Data Collection

Extract structured information from conversations such as contact details and business data.

Data collection automatically extracts structured information from conversation transcripts using LLM-powered analysis. This enables you to capture valuable data points without manual processing, improving operational efficiency and data accuracy.

Overview

Data collection analyzes conversation transcripts to identify and extract specific information you define. The extracted data is structured according to your specifications and made available for downstream processing and analysis.

Supported Data Types

Data collection supports four data types to handle various information formats:

  • String: Text-based information (names, emails, addresses)
  • Boolean: True/false values (agreement status, eligibility)
  • Integer: Whole numbers (quantity, age, ratings)
  • Number: Decimal numbers (prices, percentages, measurements)

Configuration

1

Access data collection settings

In the Analysis tab of your agent settings, navigate to the Data collection section.

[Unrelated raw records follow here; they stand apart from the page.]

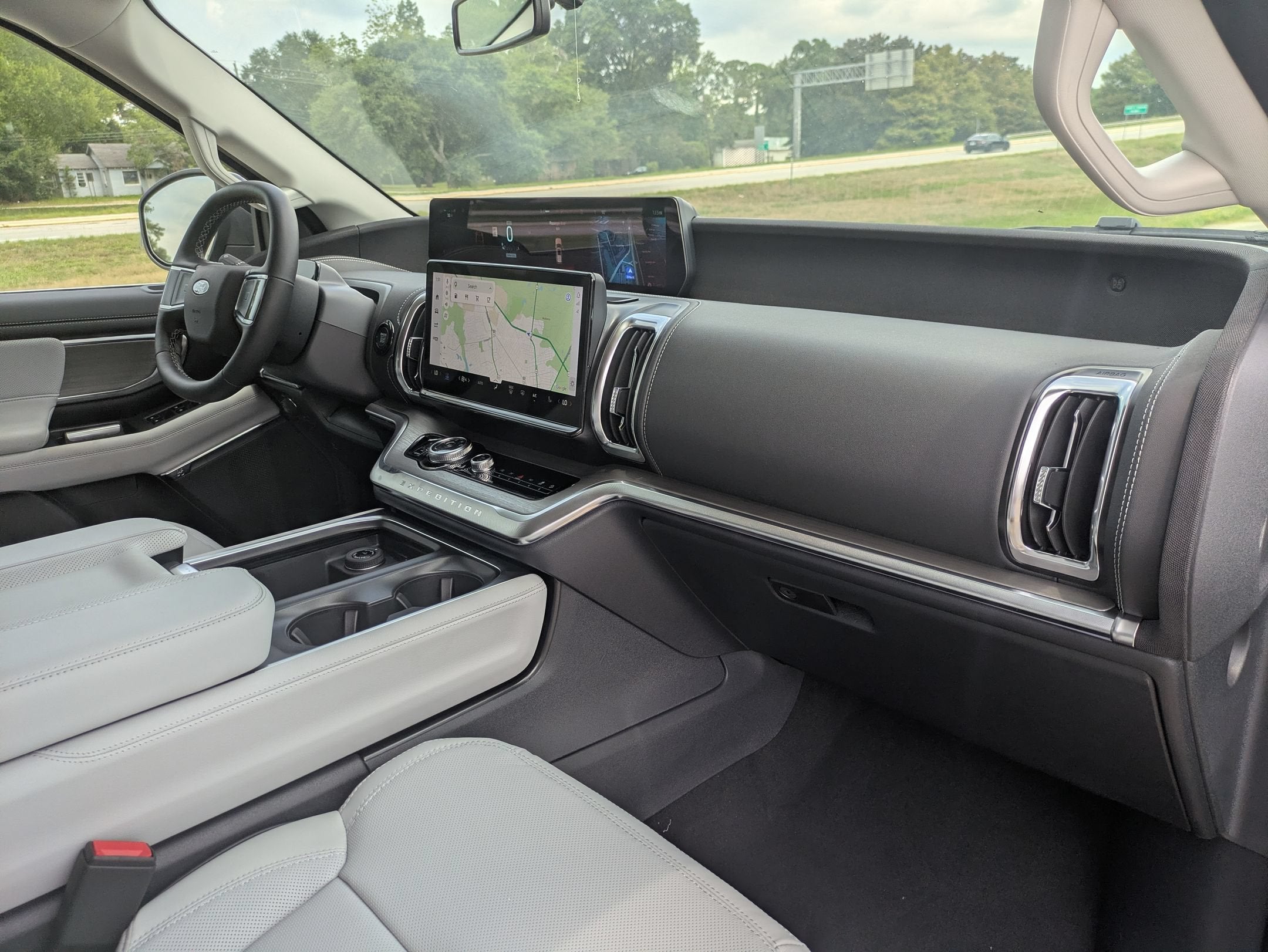 2027 Ford Expedition Platinum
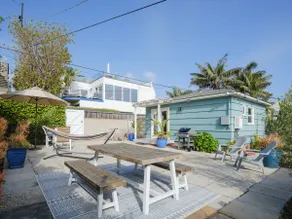 Oceanfront Lot, Studio w/ Large, Sunny Patio - Image 3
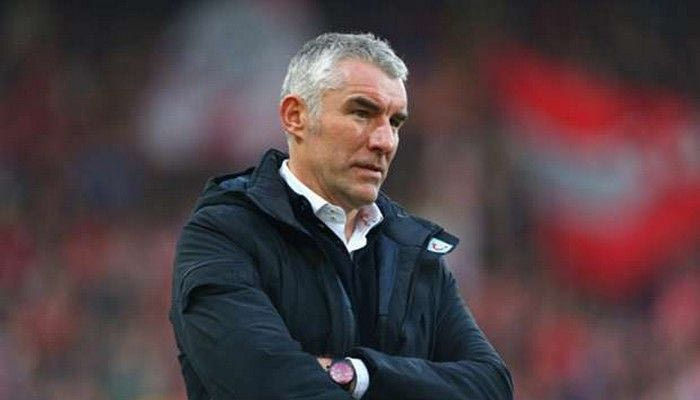 Τέλος ο Σλόμκα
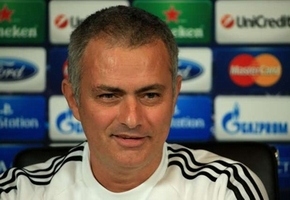 Mourinho chơi đòn tâm lý với “voi rừng” Drogba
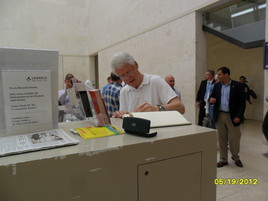 Der frühere US-Präsident Bill Clinton besuchte heute im Zuge seines Wien Aufenthaltes die Ausstellung Klimt persönlich im Leopold Museum. Der frühere US-Präsident Bill Clinton besuchte heute im Zuge seines Wien Aufenthaltes die Ausstellung Klimt persönlich im Leopold Museum.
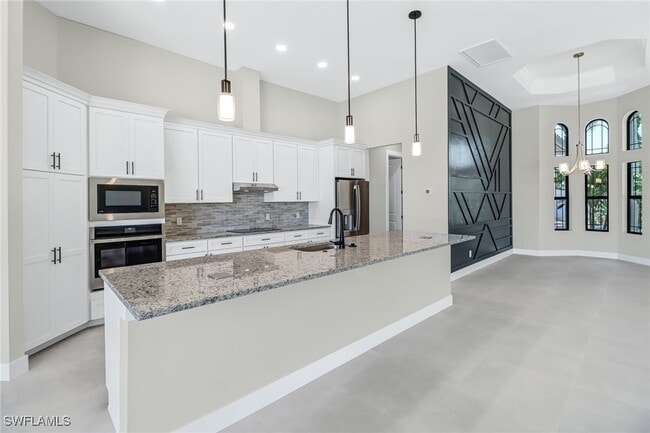 Building Photo - 155 SW 51st Terrace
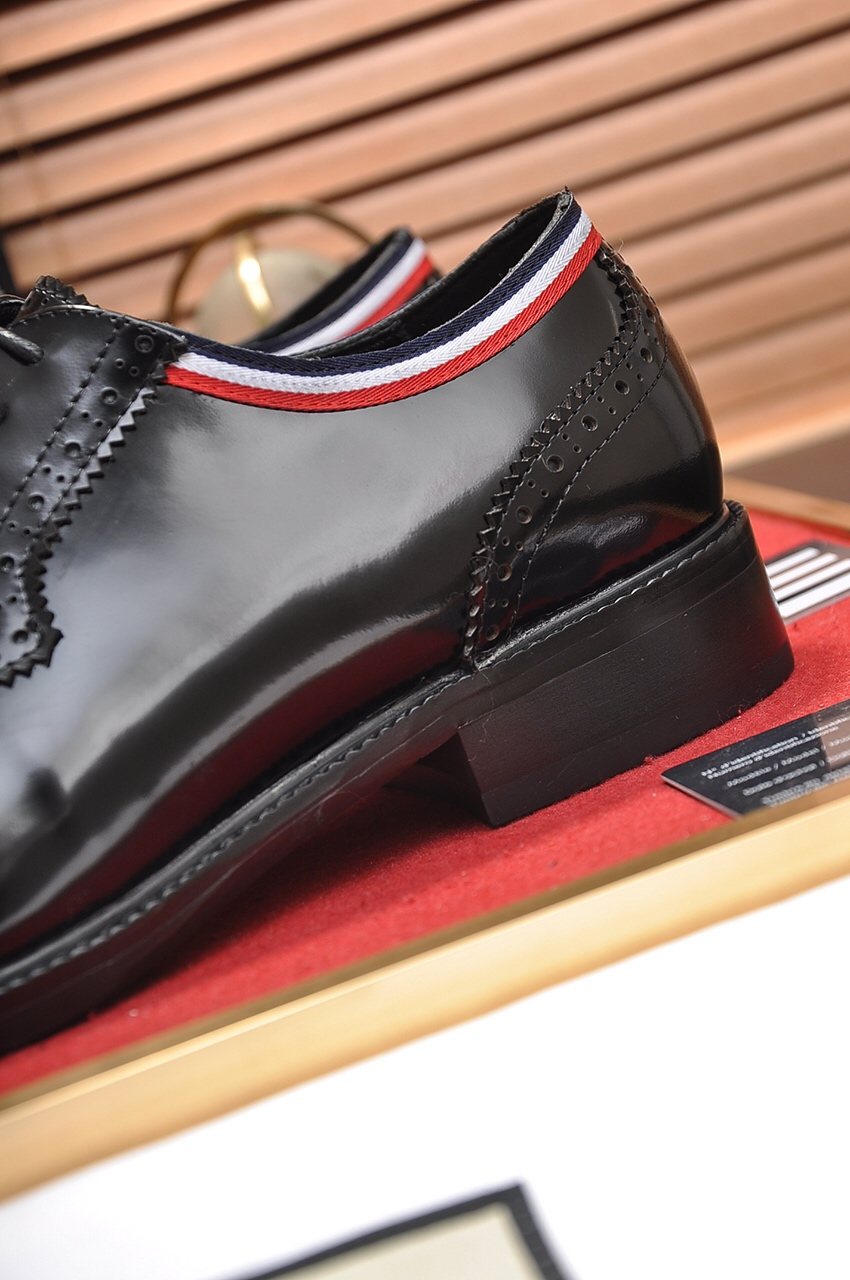 Gucci Black Burgundy Trim Lace-Up Dress Shoes — detail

Setting up data collection

2

Add data collection items

Click Add item to create a new data extraction rule.

Configure each item with:

  • Identifier: Unique name for the data field (e.g., email, customer_rating)
  • Data type: Select from string, boolean, integer, or number
  • Description: Detailed instructions on how to extract the data from the transcript

The description field is passed to the LLM and should be as specific as possible about what to extract and how to format it.

3

Review extracted data

Extracted data appears in your conversation history, allowing you to review what information was captured from each interaction.

Data collection results in conversation history

Best Practices

  • Be explicit about the expected format (e.g., “email address in the format user@domain.com”)
  • Specify what to do when information is missing or unclear
  • Include examples of valid and invalid data
  • Mention any validation requirements

Contact Information:

  • email: “Extract the customer’s email address in standard format (user@domain.com)”
  • phone_number: “Extract the customer’s phone number including area code”
  • full_name: “Extract the customer’s complete name as provided”

Business Data:

  • issue_category: “Classify the customer’s issue into one of: technical, billing, account, or general”
  • satisfaction_rating: “Extract any numerical satisfaction rating given by the customer (1-10 scale)”
  • order_number: “Extract any order or reference number mentioned by the customer”

Behavioral Data:

  • was_angry: “Determine if the customer expressed anger or frustration during the call”
  • requested_callback: “Determine if the customer requested a callback or follow-up”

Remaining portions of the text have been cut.